What you will do:
The text of every record, exactly as given and with no pictures, should be your output.

Records supplied:

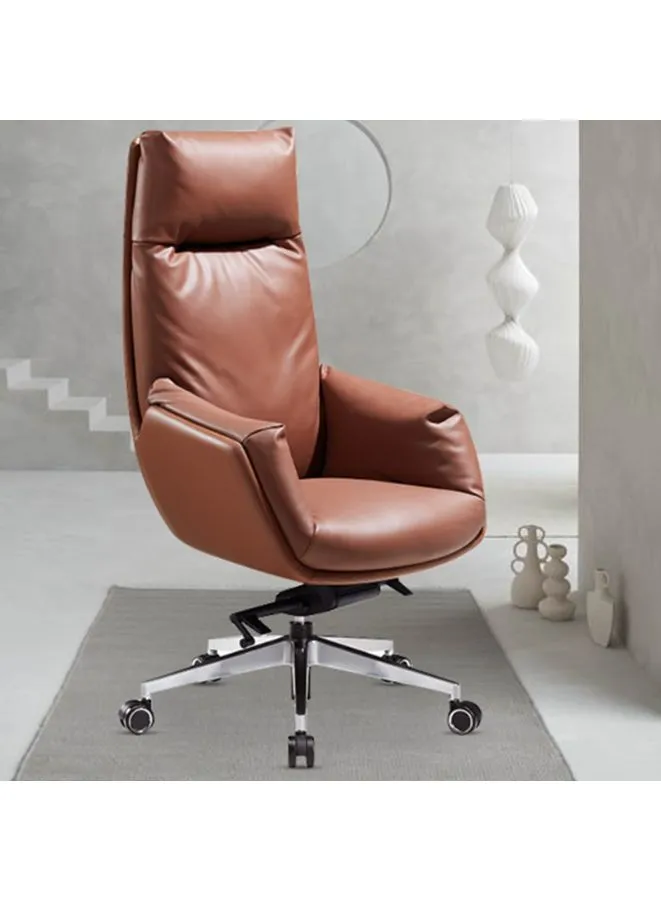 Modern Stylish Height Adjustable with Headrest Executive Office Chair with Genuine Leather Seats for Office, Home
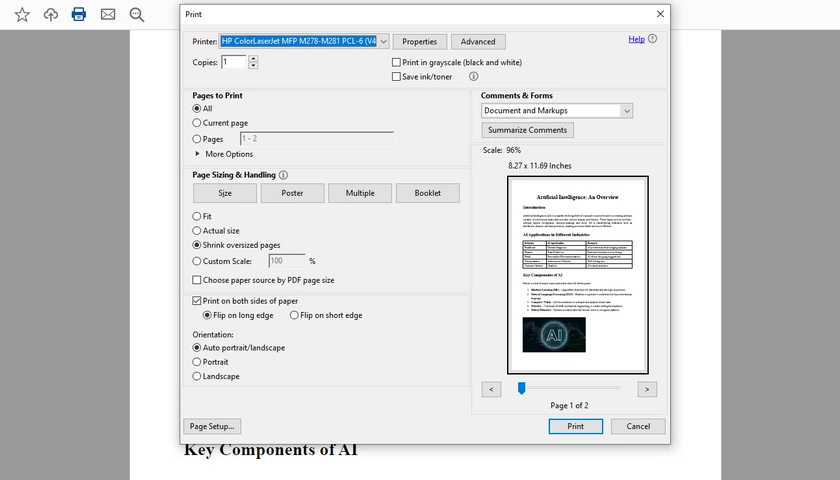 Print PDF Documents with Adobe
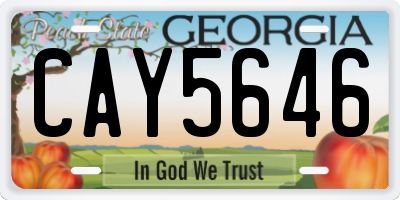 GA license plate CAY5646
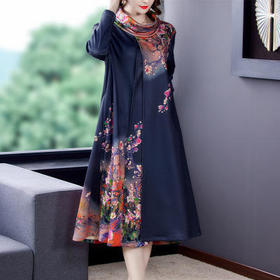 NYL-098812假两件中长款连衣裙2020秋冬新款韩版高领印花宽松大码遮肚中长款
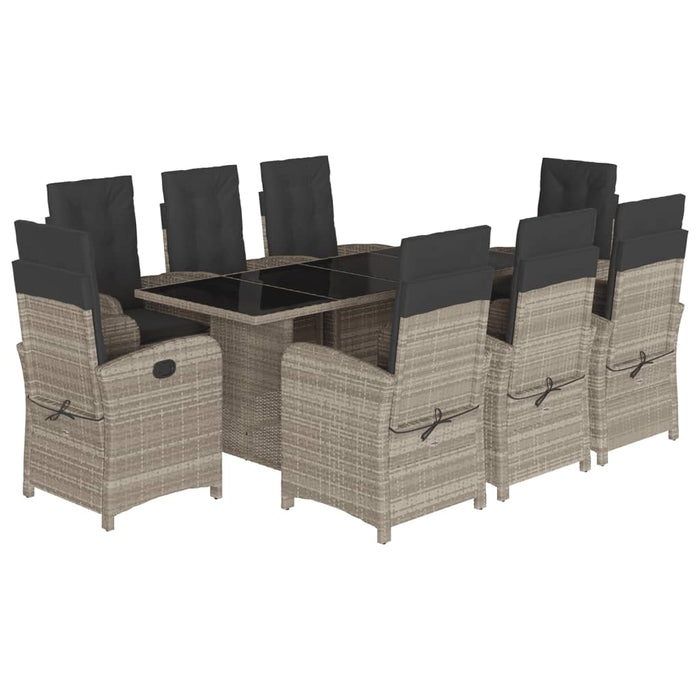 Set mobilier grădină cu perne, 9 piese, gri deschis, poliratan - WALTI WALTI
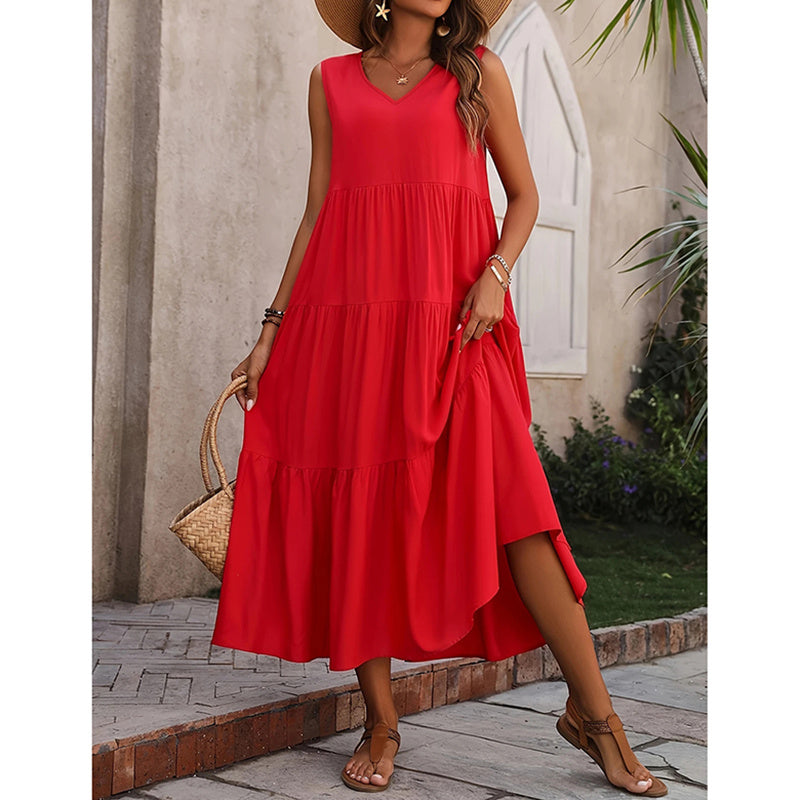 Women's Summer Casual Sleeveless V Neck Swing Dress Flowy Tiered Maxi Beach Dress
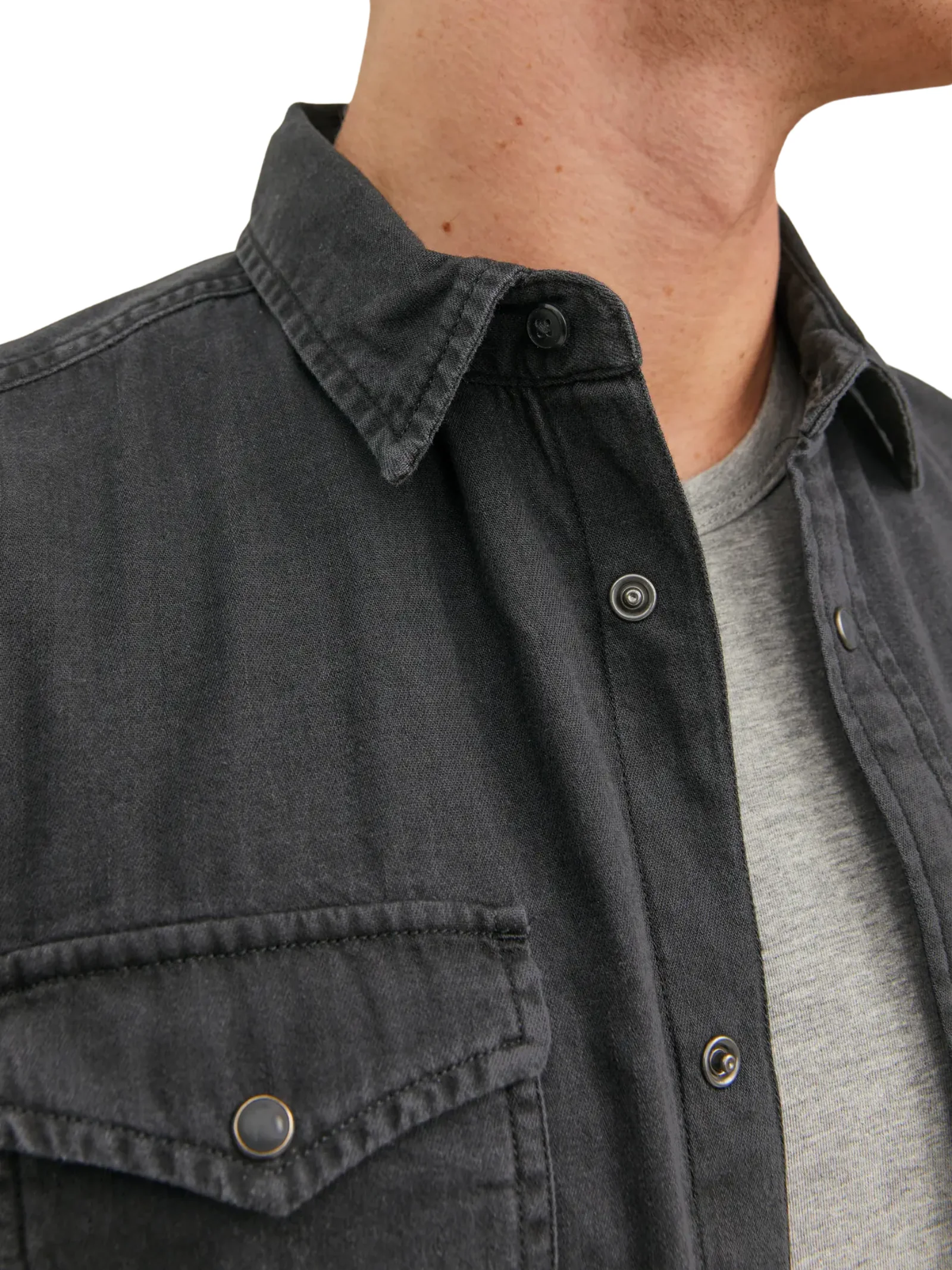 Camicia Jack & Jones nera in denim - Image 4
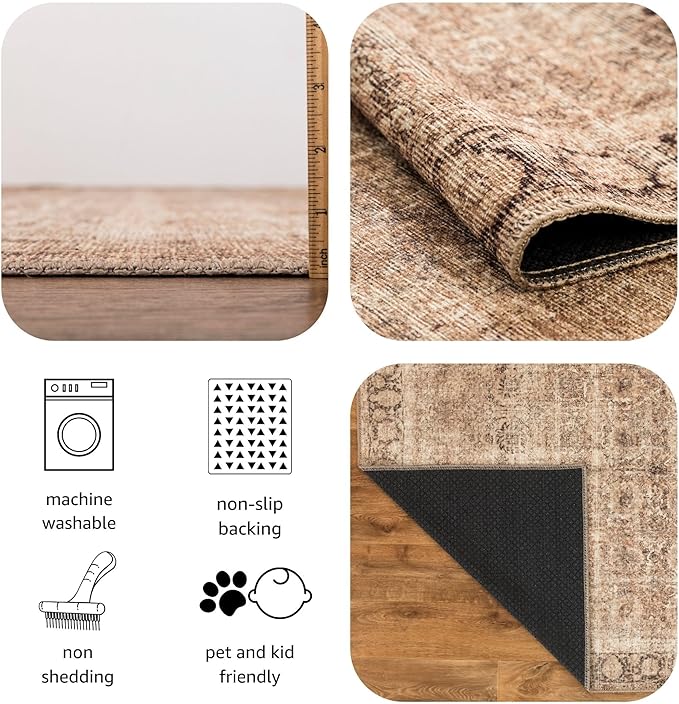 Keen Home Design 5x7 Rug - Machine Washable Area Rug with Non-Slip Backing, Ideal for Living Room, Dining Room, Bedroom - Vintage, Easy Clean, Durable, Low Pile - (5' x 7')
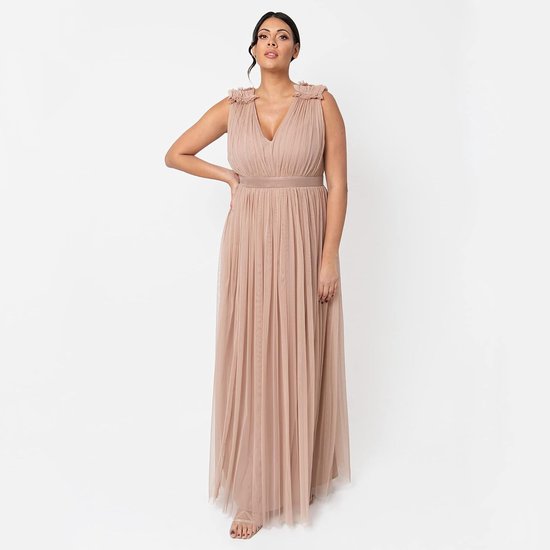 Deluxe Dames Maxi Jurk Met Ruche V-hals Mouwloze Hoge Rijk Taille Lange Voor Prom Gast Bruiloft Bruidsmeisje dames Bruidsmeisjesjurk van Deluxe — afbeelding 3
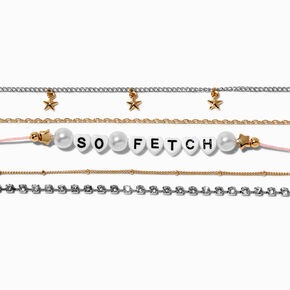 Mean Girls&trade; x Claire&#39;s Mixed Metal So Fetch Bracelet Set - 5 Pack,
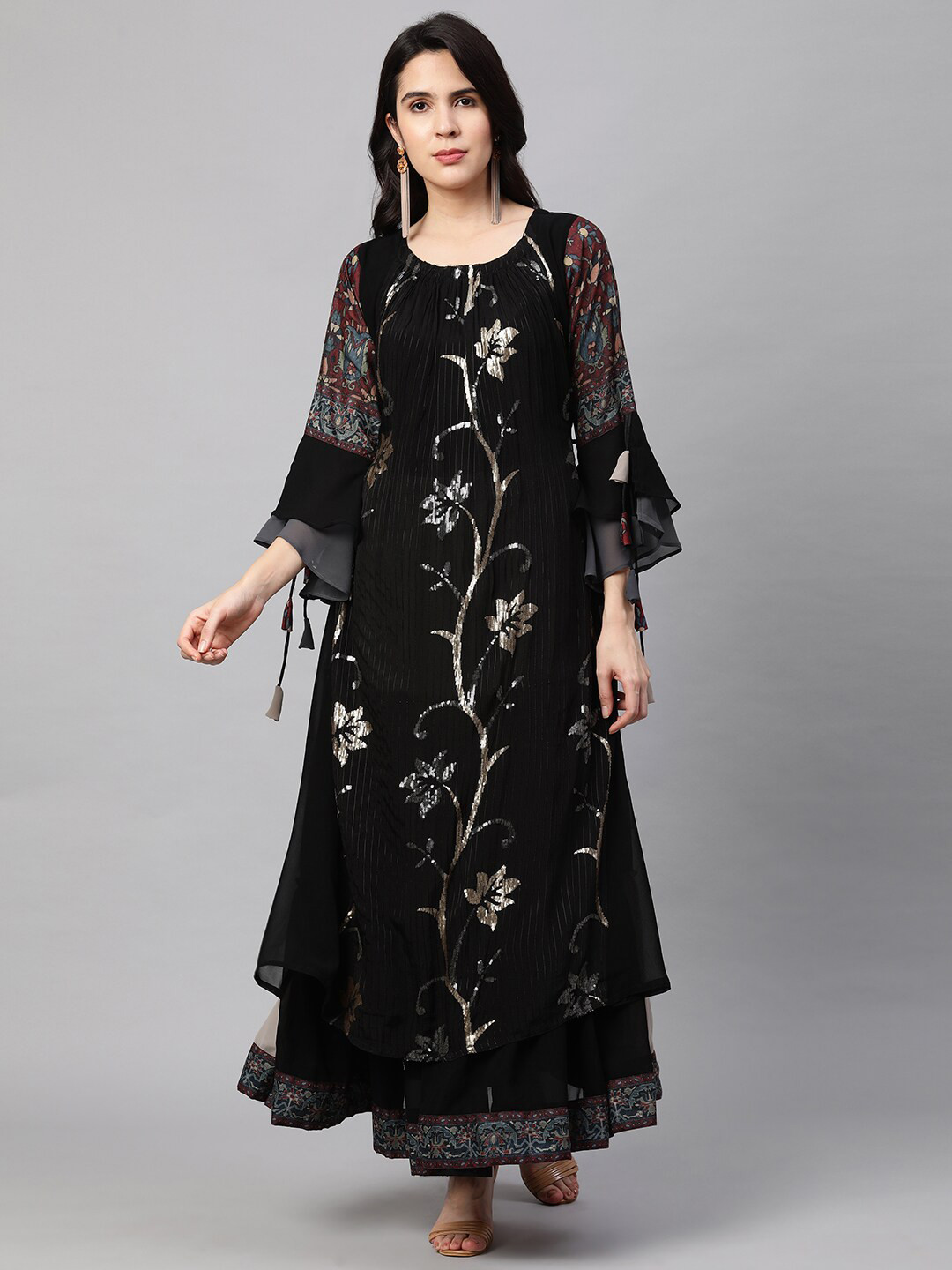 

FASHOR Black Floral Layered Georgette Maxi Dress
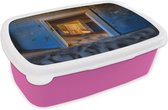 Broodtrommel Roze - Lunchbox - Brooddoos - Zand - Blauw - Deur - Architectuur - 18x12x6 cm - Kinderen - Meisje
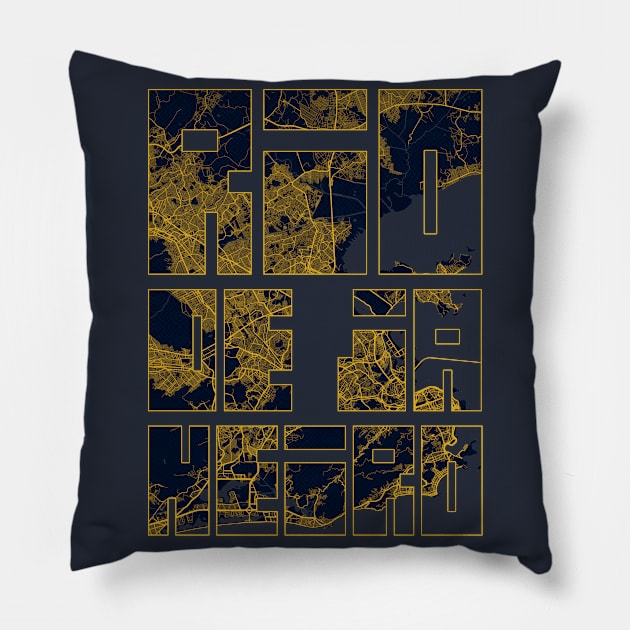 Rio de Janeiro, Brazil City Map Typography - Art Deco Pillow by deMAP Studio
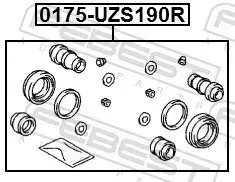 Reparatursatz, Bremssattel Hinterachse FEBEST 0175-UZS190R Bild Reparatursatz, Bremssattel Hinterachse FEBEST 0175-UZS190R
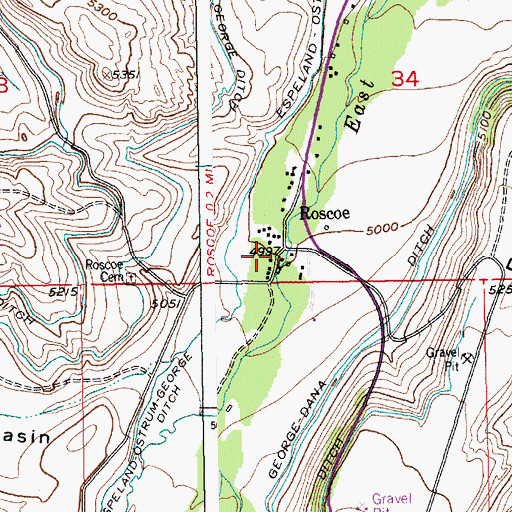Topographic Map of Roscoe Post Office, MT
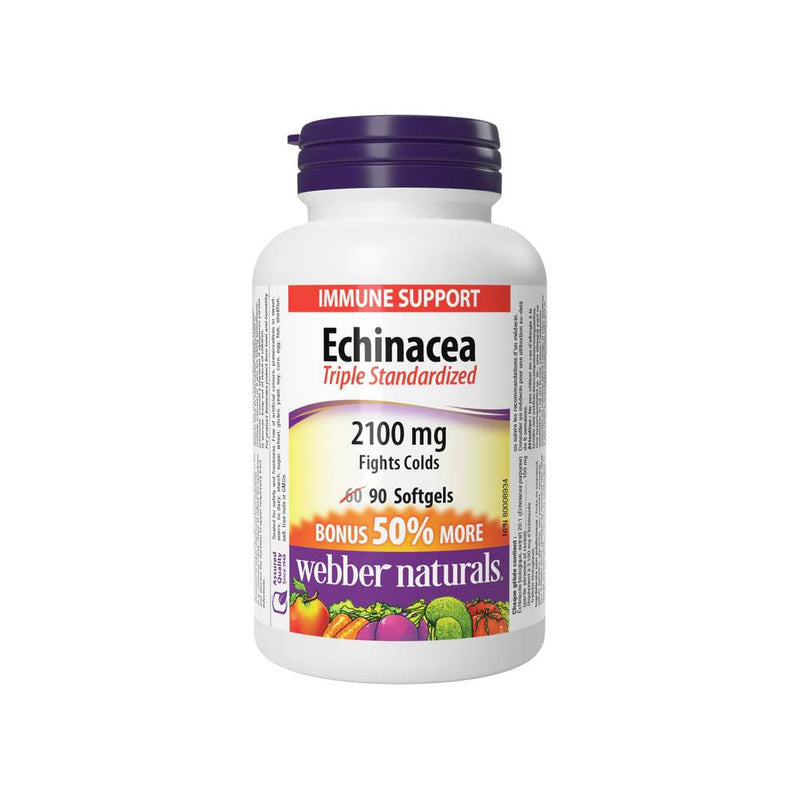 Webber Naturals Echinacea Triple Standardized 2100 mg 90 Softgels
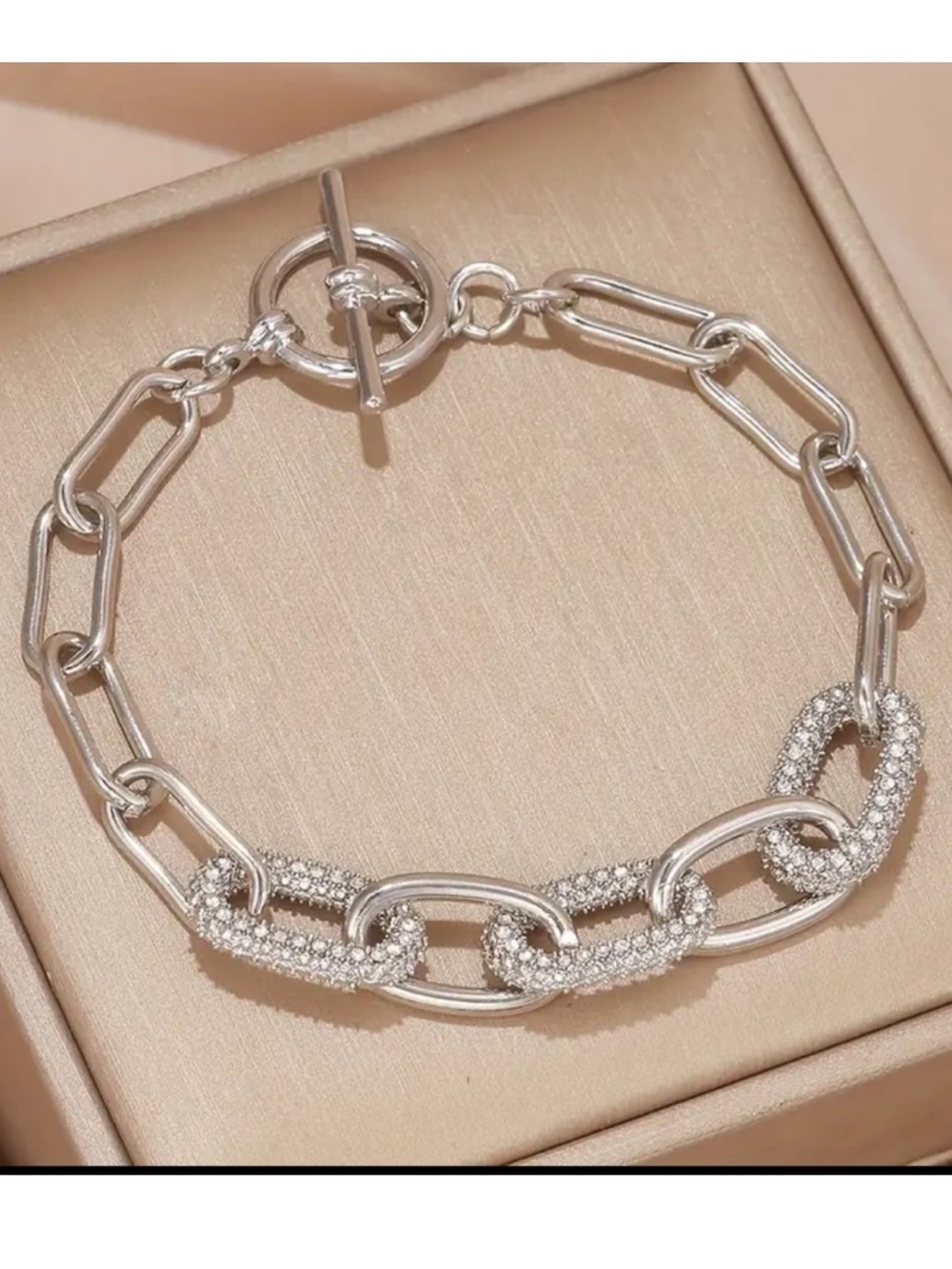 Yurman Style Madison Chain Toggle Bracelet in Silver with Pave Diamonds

Response to this task:
 Modern Stylish Height Adjustable with Headrest Executive Office Chair with Genuine Leather Seats for Office, Home
 Print PDF Documents with Adobe
 GA license plate CAY5646
 NYL-098812假两件中长款连衣裙2020秋冬新款韩版高领印花宽松大码遮肚中长款
 Set mobilier grădină cu perne, 9 piese, gri deschis, poliratan - WALTI WALTI
 Women's Summer Casual Sleeveless V Neck Swing Dress Flowy Tiered Maxi Beach Dress
 Camicia Jack & Jones nera in denim - Image 4
 Keen Home Design 5x7 Rug - Machine Washable Area Rug with Non-Slip Backing, Ideal for Living Room, Dining Room, Bedroom - Vintage, Easy Clean, Durable, Low Pile - (5' x 7')
 Deluxe Dames Maxi Jurk Met Ruche V-hals Mouwloze Hoge Rijk Taille Lange Voor Prom Gast Bruiloft Bruidsmeisje dames Bruidsmeisjesjurk van Deluxe — afbeelding 3
 Mean Girls&trade; x Claire&#39;s Mixed Metal So Fetch Bracelet Set - 5 Pack,

FASHOR Black Floral Layered Georgette Maxi Dress
 Broodtrommel Roze - Lunchbox - Brooddoos - Zand - Blauw - Deur - Architectuur - 18x12x6 cm - Kinderen - Meisje
 Rio de Janeiro, Brazil City Map Typography - Art Deco Pillow by deMAP Studio
 Reparatursatz, Bremssattel Hinterachse FEBEST 0175-UZS190R Bild Reparatursatz, Bremssattel Hinterachse FEBEST 0175-UZS190R
Topographic Map of Roscoe Post Office, MT
 Webber Naturals Echinacea Triple Standardized 2100 mg 90 Softgels
 Yurman Style Madison Chain Toggle Bracelet in Silver with Pave Diamonds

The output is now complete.